Of course, the exposure of Celtic peoples to a cult which dealt with the mysteries of death was far greater than that experienced within the Roman culture. Caesar blamed the apparent fearlessness of Gaulish warriors on a firm belief in reincarnation, indoctrinated into them by the Druids (supposedly originating in Britain), and his successors would spend a good deal of time, money and human lives in eradicating this movement. The origins of it are to be found hundreds of years further back in time, perhaps when the great Celtic warbands formed and stamped their mark on Europe and the Near East from the start of the ‘La Téne’ period. This was the ‘Belgic’ cult which venerated the solar god Belenos as receiver of the dead and lord of the Otherworld. He was equivalent to Apollo, whose most significant shrine at Delphi was famously assaulted (and possibly thoroughly pillaged) by a Gaulish army in 279BCE.
Belenos was the god who promoted growth and decay – the sun who grows vegetation and at the same time hastens putrefaction of the dead. His domain included the lands of the daytime as well as the lands beyond the setting sun – the realm of the Celtic dead. Like the ancient Mars-Quirinus he was a god of war and chthonic fertility. Like Apollo he was a conqueror of serpentine decay and giver of oracles.
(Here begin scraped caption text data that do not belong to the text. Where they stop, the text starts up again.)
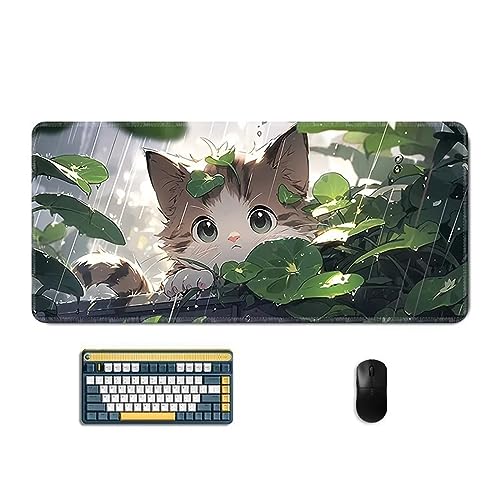 Tainrun Mauspad,Groß XXL Gaming Mauspad Extended Large Grünes Blatt Katze Mouse Pad Premium-Strukturiertes Rutschfestes mit Genähten Kanten Schreibtisch Matte für Notebooks, PC 1200x600x2mm von Tainrun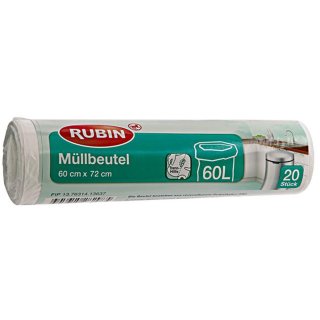 Rubin Müllbeutel 60 Liter 20 Stück, 1er Pack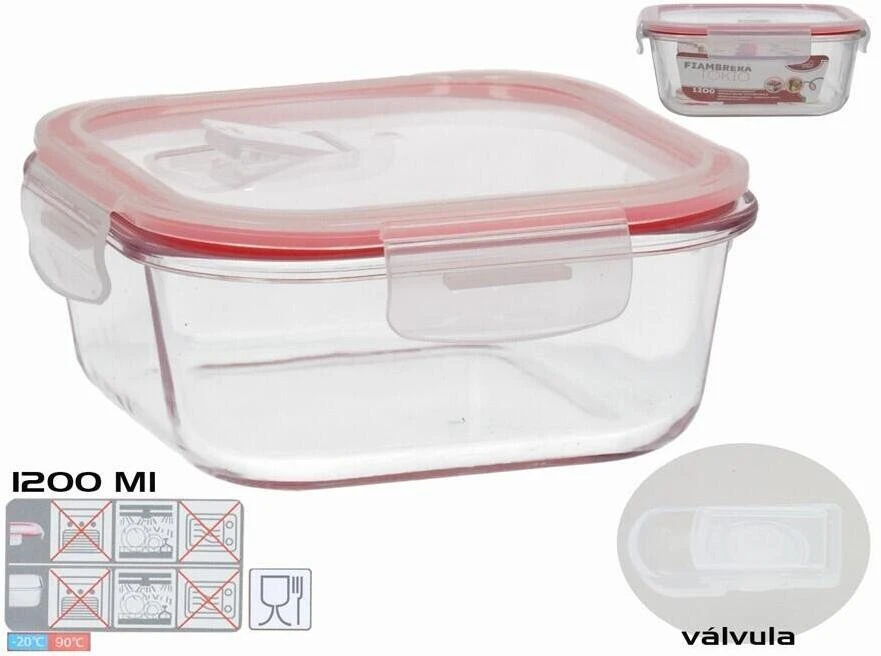 Kvadratinė pietų dėžutė 1200 ml, 7,5 x 18 x 18 cm, KITCHEN&GO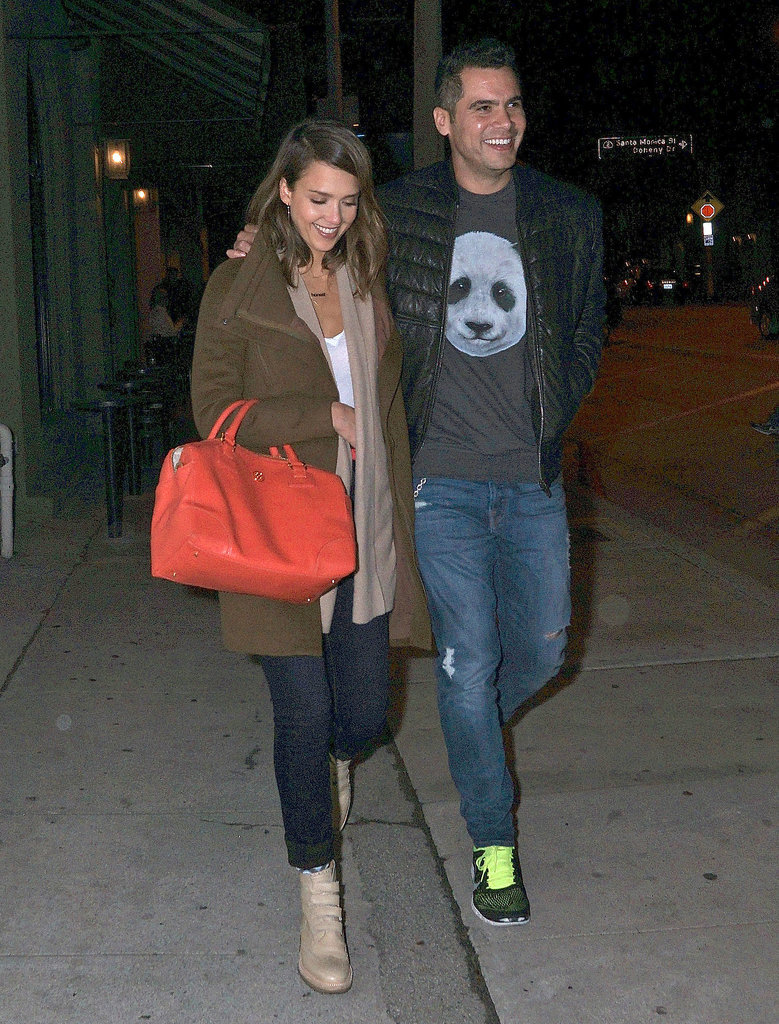 Cash Warren took his trendsetting lady — layered up in a cozy merino wool Inhabit cardigan, olive coat, and cuffed denim — out for a casual West Hollywood dinner. Alba completed her killer street style with neutral leather boots and a bold Tory Burch tote.
Cash Warren took his trendsetting lady — layered up in a cozy merino wool Inhabit cardigan, olive coat, and cuffed denim — out for a casual West Hollywood dinner. Alba completed her killer street style with neutral leather boots and a bold Tory Burch tote.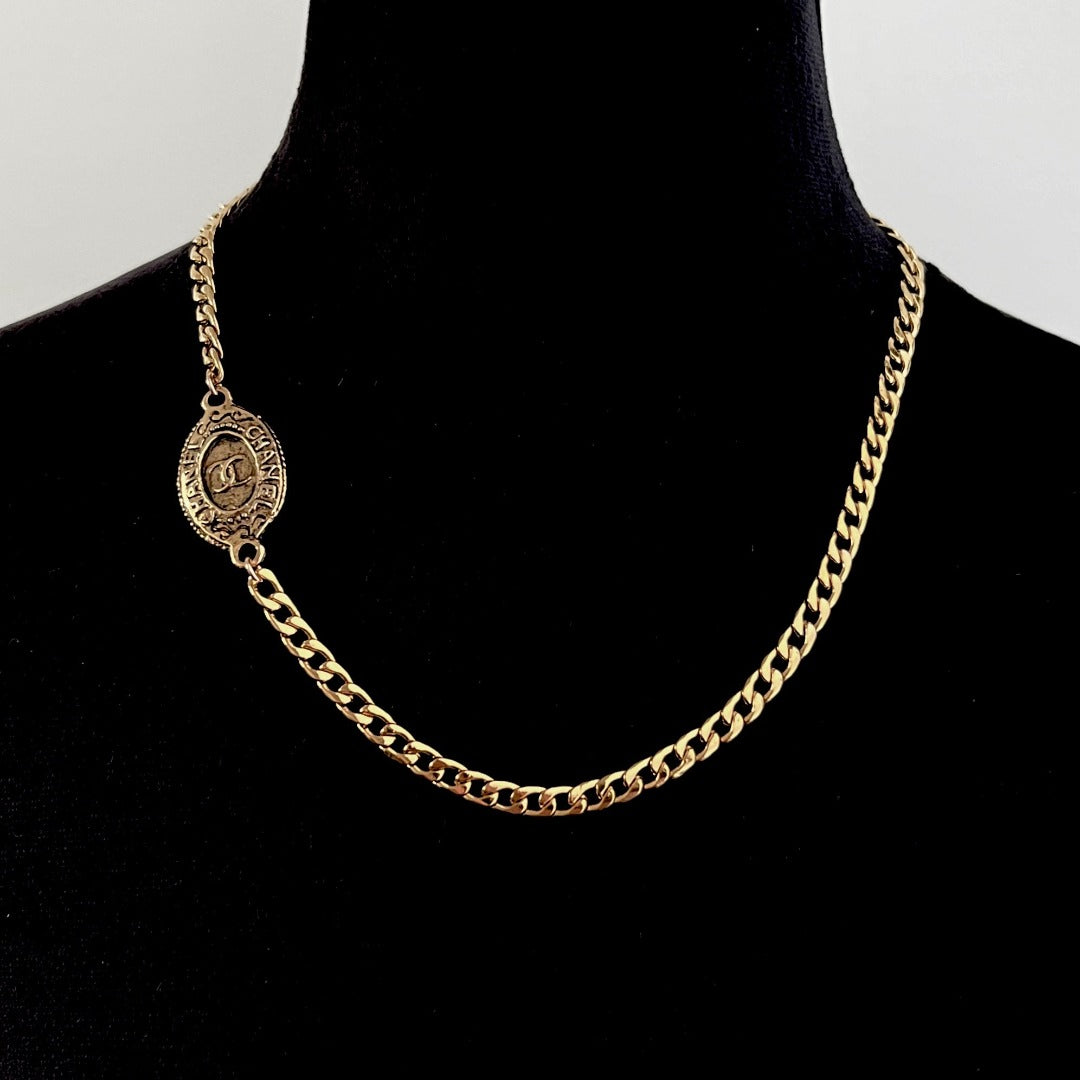 Gold Rustic Medallion Asymmetrical Necklace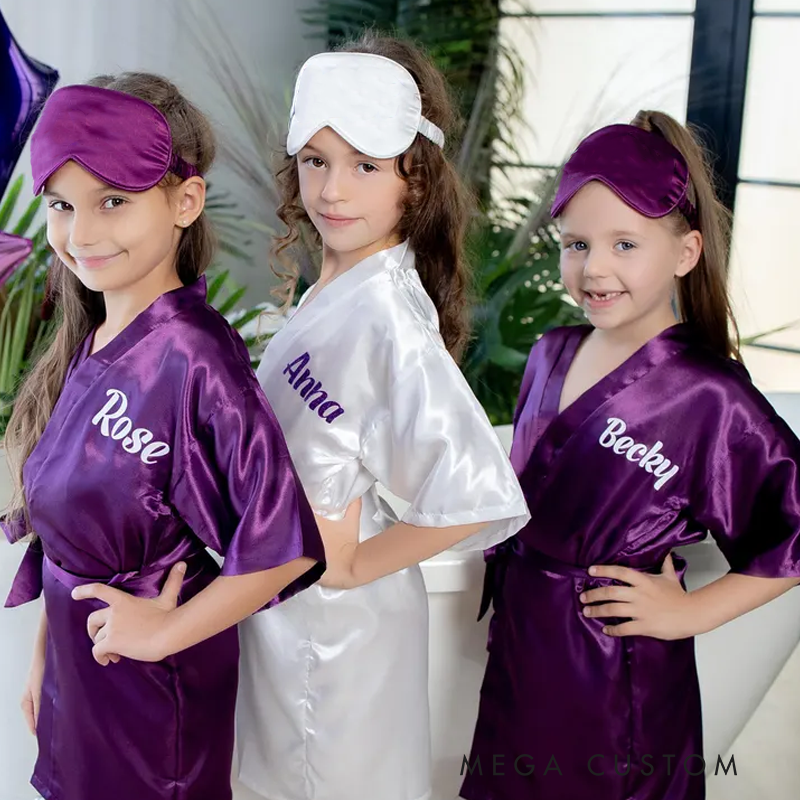 Personalized Spa Birthday Party Robes Custom Kids Satin Robes Sleepover Party Robes Girl Robe Birthday Gift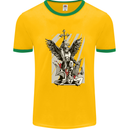 St. Michael Killing the Devil Christian God Mens White Ringer T-Shirt Gold/Green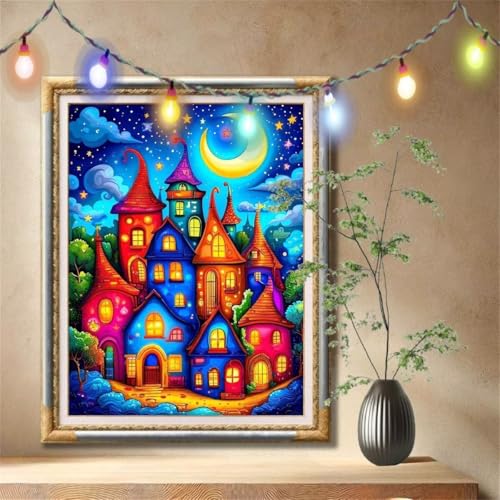 5D Diamond Painting Kinder,Diamant Painting Bilder für Erwachsene Große (50x70cm),DIY Mond,Haus Full Drill Crystal Art Mosaikherstellung Basteln Kits,Geeignet Als Geschenk,Home Wand Décor 57F-4774 von LeiDong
Like his later development as Wodan/Odin, he was a god of battle-fury and madness – a shaper of madness into purposeful action, which is in fact the political aim of warfare. The mysteries of Belenos were never attested, but the evidence that they existed is reasonably compelling from the opinions of Caesar and the god’s replacement by Apollo in the post-Romanised era at Romanised cult-sites among the Gauls, Britons, Iberians and Germans and in the Balkans.
The imagery of this religion could be found inscribed on the coins and monuments of the Celts, although the latter ocurred after the advent of syncretism post-Romanisation. It is evident on the designs and decorations on personal ornaments and weaponry, and on spectacular artefacts such as the Gundestrup cauldron.